He promised the world would soon hear the voice of New York, and suddenly he was a President. Next day, Saturday, Bush remained visibly in authority – albeit flanked by the sinister guiding hand of Vice-President Dick Cheney, dressed as though he was going to fly the first fighter bomber himself. …

… Deputy Defence Secretary Paul Wolfowitz and Cheney’s closest advisers favour early strikes against Afghanistan, Iraq and, if necessary, Lebanon. The scope of their war includes Hizbollah in the Lebanese Beqaa valley, and all bases at which terrorists are trained across the Middle and Far East. Rumsfeld has not included Iraq but believes the war should embrace ‘proliferation’ as a target. …

… During the Cabinet shouting match, Powell stood up and said the Pentagon’s plans would ‘wreck’ the coalition.
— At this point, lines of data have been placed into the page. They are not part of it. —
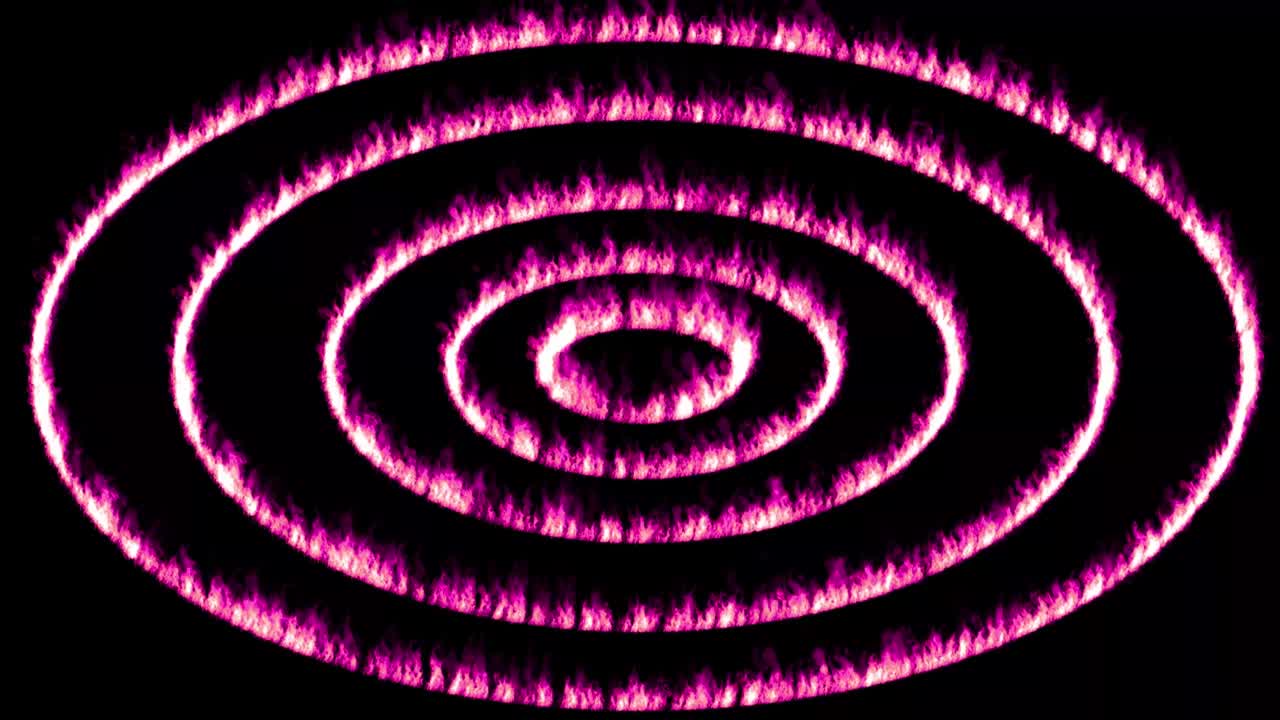 animación de partículas de color de llama gráficos de movimiento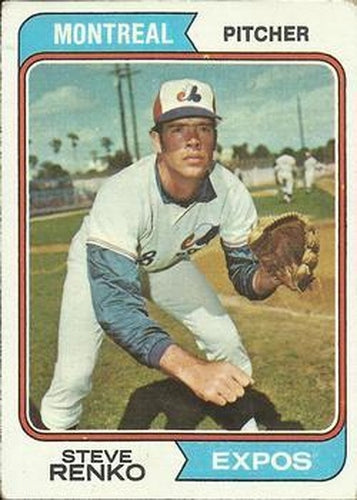 #49 Steve Renko - Montreal Expos - 1974 Topps Baseball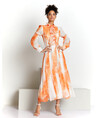 Serpil Lady Orange Dress 35868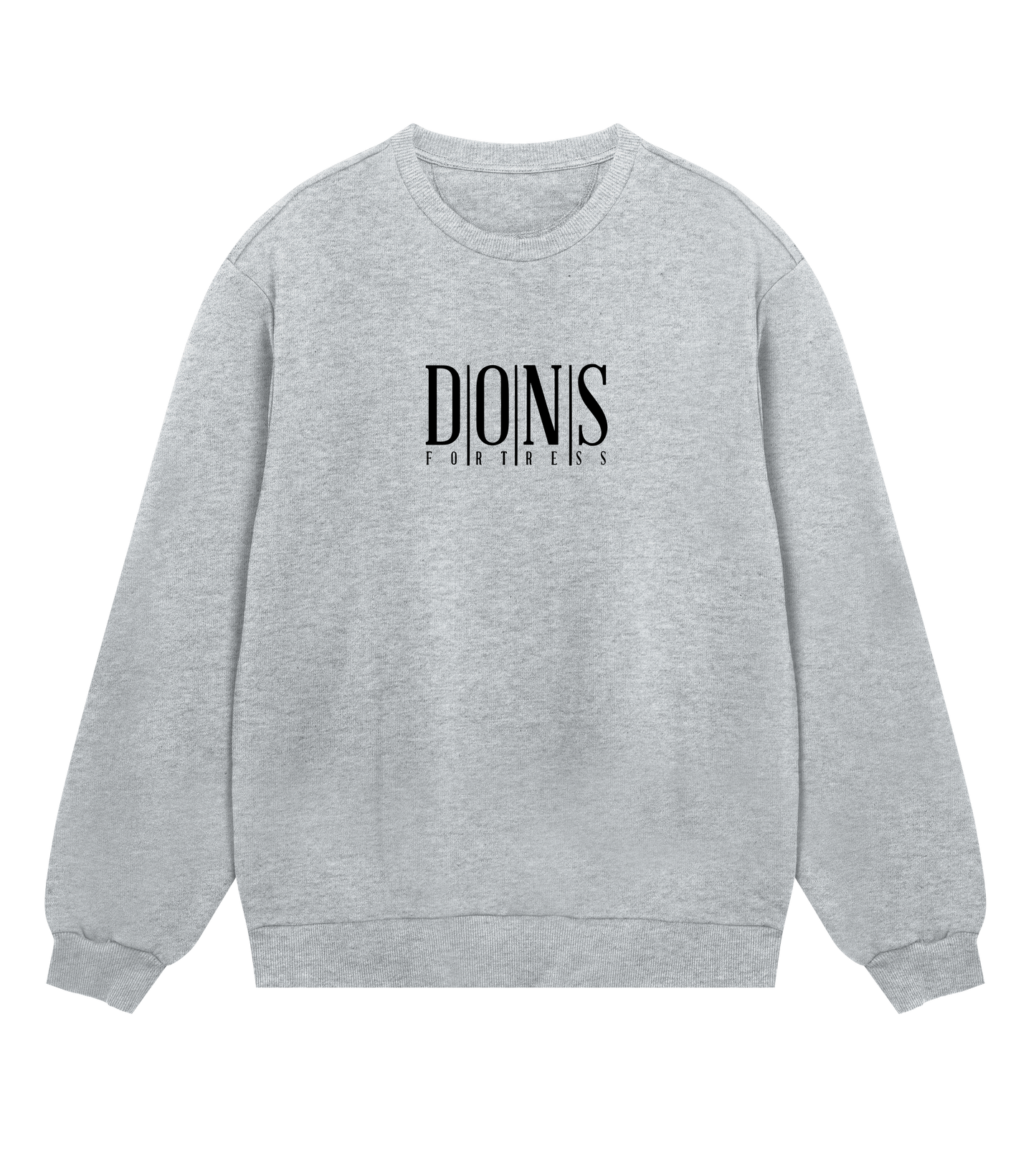 Dons Fortress Classic Principal Pullover BP in Grey Melange Front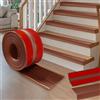 Bocguy Profilo per bordi delle scale, autoadesivo, 5 m, in PVC, antiscivolo, impermeabile, a forma di L, per esterni e interni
Powell is not impressed by the quick-hit plans, which involve the establishment and securing of ground bases in enemy territory, dropped in with air cover, from which special operations troops and ‘snake eaters’ would mount ‘in-and-out’ attacks. Such attacks would have to be unilateral, for reasons of secrecy. But all Bush’s staff know he is ready to go it alone, if that is what is needed, so long as he has Britain and a sound Pakistan on board.

During the argument at Camp David, Bush turned to Powell and said: ‘General, the United States can do whatever it wants in self-defence.’ The President’s giveaway line on Thursday night was that promising how ‘this country will define our times, not be defined by them’.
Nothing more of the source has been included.